Grievance 1: An establishment doesn’t have the game I want. The worst offenders advertise as a sports bar, but when you get there you find out it is just a place with cable that has the local game on and drink specials that revolve around the local team. THIS IS COMPLETELY UNACCEPTABLE. You should just call yourself a bar. Keep the drink specials. Don’t try to trick us.

“Perfect Sports Bar” Solution: Get DirectTv and every possible sports package. We’re going to need every NBA, MLB, NHL, NFL, NCAA football, NCAA basketball, and heck every Premier League game as well. If I walk in and want to watch New Mexico State vs. San Jose State, I’d better be able to watch it. While we’re at it, lets get every Rugby, Tennis, Golf, and Cricket match, we’ll have an International Room. And why not Boxing and MMA too?

Grievance 2: Not enough and/or poorly positioned TVs. I don’t want to have to crane my neck because the game I want to see is only on the smallest TV in the joint, located in the corner.

“Perfect Sports Bar” Solution: A personal favorite of mine is the wall of TVs. You look up and there are 10-15 games on huge flat screens. It’s almost pleasure overload, but I’ll take it. Our bar will have multiple walls of TVs. Another thing I like is lining the area above the bar with flat screens as well. Which of course means we’ll have to have a long-ass bar. We’ll also have booths in the sports bar, each that have their own TV for those who want to go that route. Another great feature for our wall of TVs area will be personal sound systems for each table so you can listen to your game (something I’ve seen work quite nicely in other sports bars). Not to mention TVs in the crappers, but that will be addressed below.

Grievance 3:
Not enough seating/space. I absolutely hate finding a good sports bar that has most of the necessities only to find it is a sardine can inside. Places like that are dead to me. You can lump in a bunch of grievances with this one; it’s hard to see the game, hard to get a drink, nearly impossible to get food, long line for bathrooms, and it just sucks in general.

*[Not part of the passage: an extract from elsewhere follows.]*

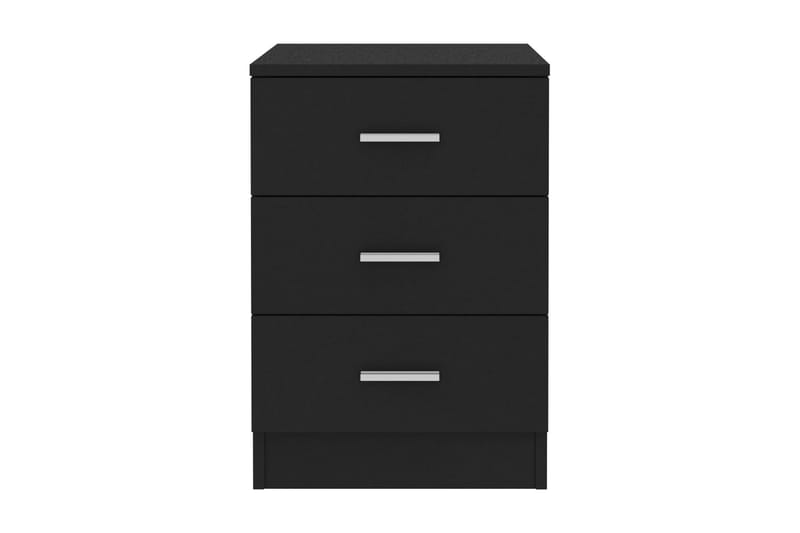 Yöpöydät 2 kpl musta 38x35x56 cm lastulevy - Musta - Huonekalut - Pöytä & ruokailuryhmä - Apupöytä & sivupöytä - Yöpöytä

“Perfect Sports Bar” Solution: Place is going to be huge. I’m thinking four stories, each with a similar set-up. Long bars on every floor, well staffed. Getting drinks is no problem. Plenty of seats everywhere. Couches, booths, bar stools, tables, a few recliners in front of the TV walls. All floors have walls of TVs, booths with TVs, TVs everywhere. Maybe even some separate wings on some floors. Like a room to throw annoying Steelers fans. Or rooms for kind of wacky sports, like the previously mentioned International room. If the place still gets too crowed, let’s open another one right next door.

Grievance 4: Crappy “Buffalo” wings: Listen, having spent a considerable amount of time in Western NY, I know I’m a bit of a wing snob. But good wings aren’t that fricking hard to make. Take chicken wings, throw them in fryer, slather wings with a mix of Frank’s Red Hot, butter, and maybe some extra spices. Don’t give me those breaded, soggy imitations. Don’t give me that crap Hooters serves either. This isn’t rocket science.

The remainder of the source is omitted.